# Cypress roots? Cork back panel?



## edwardn (Nov 8, 2008)

A few years ago I dug up some remainders od an old cypress stump/roots, in which I grew some bromeliads. The wood, ancient, as it appears, is still in a fair shape and I wonder if there is any valid reason why i shouldn't use it in my tank? 

Another question: does anybody have any experience with natural cork panels attached (aq.silicon?) to the back inside the tank? Any remarks on the subject, please?

Thanks. Edward

( Still optimistic that before year's end my 180 won't be filled with air anymore....)


----------



## zer0zax (Mar 25, 2007)

If the cypress roots are old, then there shouldn't be any problems. Cypress wood is good stuff, lasts a long time underwater! Even living cypress trees grow in water just fine, no root rot. IMHO the only problem would be if you cut a fresh root off and it leaked nutrients that were still in it.

I have never used cork panels before, but a few people have. Hopefully someone will chime in! Cork is used in vivariums and dart frog tanks with drip walls a lot, I don't know how long it lasts though, probably less time completely submerged, but I would be surprised if it broke down before 3 years...

If your tank is still empty, you might want to throw the stump in and fill 'er up! Run a filter with some activated carbon and replace often, that way you can begin working on sinking the stump, and get a feel for how much tannins it puts off. This should work out for the best, by the time you are ready to set up your aquarium the stump will already have leached off quite a few tannins, and you will be that much closer to having a clear tank instead of tea colored water. The stump will be that much more closer to sinking as well, if it is hard headed and wants to float everywhere!


----------



## Bert H (Mar 2, 2004)

No problem with using cypress, except that I have found it very difficult to waterlog and have it sink on its own.


----------



## edwardn (Nov 8, 2008)

This is the cypress root I was asking about. I'm going to trim it a bit from the bottom and attach to a large piece of plexiglass to make it stable. I've done already a 'floating test' (4 days) and it shows a clear preference to rather dwell on the botom of the tank. 

What would be your opinion about the size of the root iside the 180 gal.tank (72x24x24)? At present it is 36" long, 10-12" wide on both ends, 16" high in the middle and on the left - 25". If I shave off 2-3", it will be that much lower.

Any golden thoughts, please? And thanks for the advise up to now!


----------



## Fortuna Wolf (Feb 3, 2007)

Cork probably lasts a long time, after all, its pretty much a closed cell wax sponge and they use it to stop bottles. I'd tack down a piece on all 4 corners and see how it works.


----------



## edwardn (Nov 8, 2008)

Well, the cork panels arrived and I would like to plant the whole back wall with Anubias 'Nana' - I decided. This would give me an effect similar to that of some houses up North, overgrown with vine - the whole wall green! Or, at least that's how I imagine it should look like.
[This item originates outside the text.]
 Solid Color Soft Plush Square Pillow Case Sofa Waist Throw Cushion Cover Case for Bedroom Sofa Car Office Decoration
I found a source of this, and other Anubias's, as well as some Cryptocorynes and at least three different Echinodoruses grown from tissue culture in short driving distance, so at least those plants I will get healthy and fresh, with good root system ( in potting soil). I imagine that to cover a wall of 72"x24" I will need at least a hundred plants... All the above plants are grown emersed, in greenhouses, next to begonias, carnivorous plants etc. Next time there, I will take some pictures - if anybody's interested.
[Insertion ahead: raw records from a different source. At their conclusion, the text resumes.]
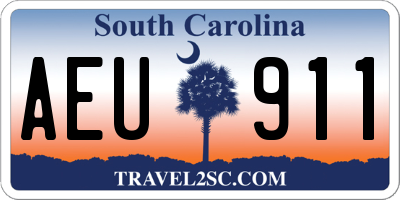 SC license plate AEU911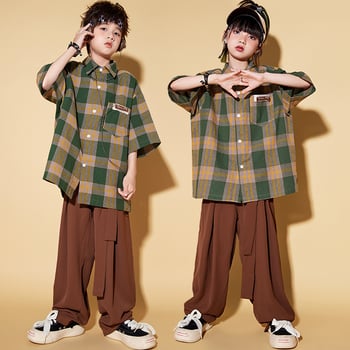 Vaikų unisex hip-hop gatvės šokių kostiumas, 100% poliesteris, vasara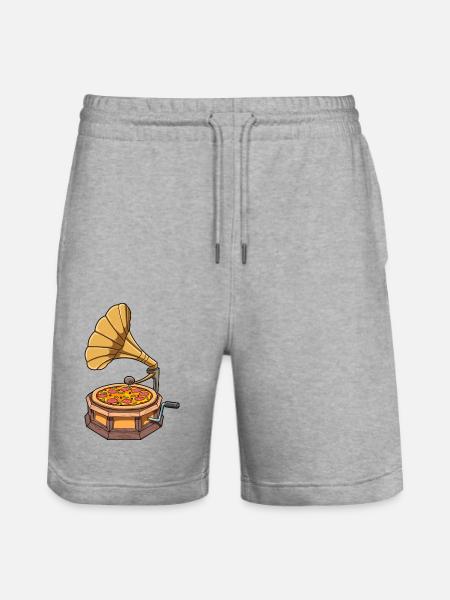 Pizza Phonographe - Short de jogging bio TRAINER Stanley/Stella unisexe - gris chiné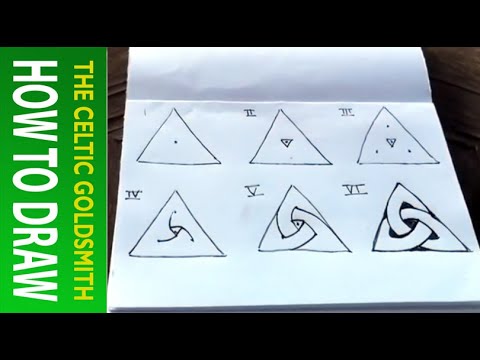 how to draw celtic knots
So the planning takes some shape now. In a virtual form yet, but slowly, slowly I'm getting ahead.

As a substrate I decided on Turface covered with a small gravel. Some dusting with peat and maybe a little of laterite from under my pasture - all this and more after studying my older brothers-in-hobby on this and several other forums. It is interesting to read hundreds and hundreds of questions and opinions from all of you. And thank you very much for all those informations (...spinning in my head!).

Regards. Edward


----------



## Cocobid (Jan 26, 2007)

Edward how is it going with the cork and cypress roots!!! 
Love to see some pics
About 2years ago I bought some cypress knees, they seem to be nice and dry or not "green". They were bought to add to an aquarium, just never could get them to sink. I soaked one for 6m. 
What type if cork did you buy??

Karen


----------



## edwardn (Nov 8, 2008)

Karen, Thanks for your interest.

I continued for a little time on this thread:
http://www.plantedtank.net/forums/general-planted-tank-discussion/82712-my-180-hardscape.html

I did the hardscape as you can see on the picture there. I sectioned the cypress stump and played with it as if this would be a puzzle and then I started to amass all sorts of plants.
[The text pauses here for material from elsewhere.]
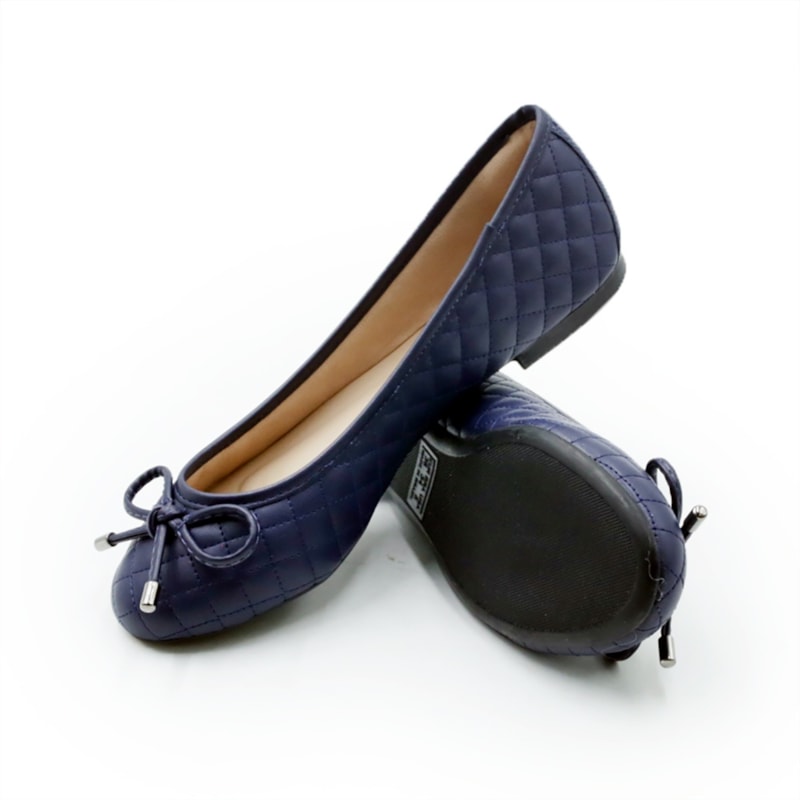 FEMININO SAPATILHA BICO REDONDO FERRETTI  10765313 NAPA SOFT MARINHO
The substrate consists of some lava on the bottom, then a lot of Turface soaked in ferilizers. I capped all that with 'water filter gravel' size 3/16 x 3/32 ( http://www.redflint.com/filter_gravel.htm ).

For a while I somewhat lacked clear idea of how to attach plants and moss to the cork backwall, and with the weather in Florida encompassing in every other week Winter, Spring and Autumn ( not necessary in that order...) it wasn't until yesteday, when I sewed Java Moss into a sort of black netting of Walmart origin and I carefully stapled that 'pillow' to the cork in the central position of the back wall.
Further on, and it took me almost the whole day, I divided a large clump of what it looks like a short Needle-leaf Java Fern into small sections and attached them with 'Super-glue' to one side of dry cork wall, while on the other side i similarly delt with the Narrow-leaf Java Fern and some 'Windelow' one also.

I expect that both corners of the tank will be screened well enough in time to hide any filter pipes this way.

I also divided a huge clump of Anubias 'Petite' (Thanks, Bert!) and again I attached pieces of it with 'Super-glue' to that 'Rhino-horn' section of the cypress stump hoping for the best...

I'm misting all those plants as of now, and since I still have to solve a dilemma how to attach all those little pieces of 'Pellia' (to the other piece of cypress stump on the right) I received in a form of truly a 'mess', the front of the tank is covered by condensation, so I wasn't able to take a picture, but I will try to do it tomorrow.

I remember, with some nostalgia, how easy it was all those times, when I just bred and raised tropical fish in tanks with plastic plants....

Regards

Edward


----------